Il faut dire que beaucoup de maîtres ont souhaité le «changement». Ils ne peuvent plus se déjuger.

Seulement, la manie du règlement n’apporte pas la sérénité. On sent bien que chacun cherche à se couvrir. Chaque enfant, chaque père, chaque mère, chaque collègue, chaque supérieur hiérarchique, chaque subordonné, chaque électeur cache un ennemi potentiel dont il faudra une fois ou l’autre se protéger. Il faut s’assurer et se rassurer aux dépens d’autrui si nécessaire. Comme le note M. Daniélou avec force, la multiplication des directives manifeste la faiblesse du système que le président de la SPV qualifie de «fragile», «instable», «vulnérable», «fébrile» et «stressé». Excusez du peu!

Quel est le rapport entre la perte de confiance et les réformes? C’est ce que M. Daniélou n’examine pas.

Tout au long de son œuvre, l’historien Jacques Bainville dit que les décisions politiques entraînent sur le long terme des effets qu’on peut prévoir, parce qu’en histoire des causes analogues produisent des conséquences analogues. Le traité de Versailles de 1919, tout perclus d’idéologie, comporte des effets que Bainville décrivit avant qu’ils ne se fussent produits, non qu’il fût devin, mais parce qu’il connaissait certaines lois politiques et les constantes nationales. «On aura les conséquences», disait-il, citant en épigraphe de son maître livre l’Ecclésiaste (X,8): Celui qui creuse une fosse y tombe, celui qui rompt une haie, le serpent le mord1.

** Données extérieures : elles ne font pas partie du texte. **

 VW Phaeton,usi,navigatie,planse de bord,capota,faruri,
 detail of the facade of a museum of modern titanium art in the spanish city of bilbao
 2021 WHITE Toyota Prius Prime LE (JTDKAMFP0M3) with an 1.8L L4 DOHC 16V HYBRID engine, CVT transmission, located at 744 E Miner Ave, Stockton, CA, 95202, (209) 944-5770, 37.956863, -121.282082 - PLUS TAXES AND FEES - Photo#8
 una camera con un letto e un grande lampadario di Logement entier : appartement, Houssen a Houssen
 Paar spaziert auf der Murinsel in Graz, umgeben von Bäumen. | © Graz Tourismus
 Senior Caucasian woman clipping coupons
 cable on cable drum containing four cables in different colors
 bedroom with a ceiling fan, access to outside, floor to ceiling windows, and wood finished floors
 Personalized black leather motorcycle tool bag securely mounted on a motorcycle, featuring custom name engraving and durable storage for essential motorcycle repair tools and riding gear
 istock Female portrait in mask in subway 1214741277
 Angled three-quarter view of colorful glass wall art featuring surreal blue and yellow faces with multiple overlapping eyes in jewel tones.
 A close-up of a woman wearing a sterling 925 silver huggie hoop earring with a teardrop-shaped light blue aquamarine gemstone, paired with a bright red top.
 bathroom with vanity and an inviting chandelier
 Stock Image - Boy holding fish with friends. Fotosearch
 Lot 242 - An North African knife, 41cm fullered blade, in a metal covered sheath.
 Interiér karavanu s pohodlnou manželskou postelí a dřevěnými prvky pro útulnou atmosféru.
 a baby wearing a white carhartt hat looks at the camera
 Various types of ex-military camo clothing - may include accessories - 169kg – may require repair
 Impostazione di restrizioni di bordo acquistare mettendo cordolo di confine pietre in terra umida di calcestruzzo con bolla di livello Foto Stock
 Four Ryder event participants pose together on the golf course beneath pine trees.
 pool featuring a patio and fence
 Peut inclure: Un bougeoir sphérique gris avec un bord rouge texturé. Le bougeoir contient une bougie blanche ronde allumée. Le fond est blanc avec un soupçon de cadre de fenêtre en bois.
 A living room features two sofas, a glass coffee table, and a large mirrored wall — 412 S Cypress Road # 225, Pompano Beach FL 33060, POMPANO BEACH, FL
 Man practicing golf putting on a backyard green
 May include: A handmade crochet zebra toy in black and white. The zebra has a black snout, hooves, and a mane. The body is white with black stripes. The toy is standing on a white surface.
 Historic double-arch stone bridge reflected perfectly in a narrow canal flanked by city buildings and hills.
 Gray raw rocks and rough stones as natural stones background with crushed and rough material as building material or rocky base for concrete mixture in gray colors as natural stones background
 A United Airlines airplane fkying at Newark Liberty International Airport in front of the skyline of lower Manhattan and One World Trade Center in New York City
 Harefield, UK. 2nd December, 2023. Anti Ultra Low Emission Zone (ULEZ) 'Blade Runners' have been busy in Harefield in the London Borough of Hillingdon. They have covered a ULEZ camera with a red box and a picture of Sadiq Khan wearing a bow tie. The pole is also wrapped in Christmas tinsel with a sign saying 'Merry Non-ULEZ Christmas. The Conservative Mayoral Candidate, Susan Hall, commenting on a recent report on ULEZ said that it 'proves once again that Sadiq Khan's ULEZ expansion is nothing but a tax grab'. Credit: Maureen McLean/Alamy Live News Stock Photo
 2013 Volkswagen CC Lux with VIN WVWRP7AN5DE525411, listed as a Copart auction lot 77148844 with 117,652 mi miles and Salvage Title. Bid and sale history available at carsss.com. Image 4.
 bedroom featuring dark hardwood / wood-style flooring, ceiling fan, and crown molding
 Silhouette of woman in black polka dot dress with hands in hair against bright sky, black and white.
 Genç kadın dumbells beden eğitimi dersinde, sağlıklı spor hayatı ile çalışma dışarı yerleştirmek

Aujourd’hui, dans l’école vaudoise, on a les conséquences. De quelles décisions? De quel soubassement idéologique? Ce sont les questions que nous tenterons d’élucider une autre fois.

 

Notes:

1 Ainsi, du 11 novembre 1918 au 28 juin 1919, ce n’est pas le hasard qui a décidé. Ce n’est pas la force des choses. Ce sont des hommes, avec leur caractère et leurs idées. Mille autres combinaisons que celles qui ont été adoptées étaient possibles. On s’en est bien aperçu en cours de route puisque, par telle ou telle intervention, plusieurs dispositions des traités ont été changées, soit en bien, soit en mal. Maintenant il n’y a plus qu’à attendre et, s’il se peut, à prévenir et à corriger les effets. «On aura les conséquences» avait dit le sage d’Israël, rassasié de voir les dirigeants recommencer les mêmes fautes et les foules confier leur vie et leurs destins aux mêmes dirigeants. Les conséquences viennent toujours. Et nous les avons déjà. (Les Conséquences politiques de la paix, collection TEL/Gallimard, pp 300 et 301.)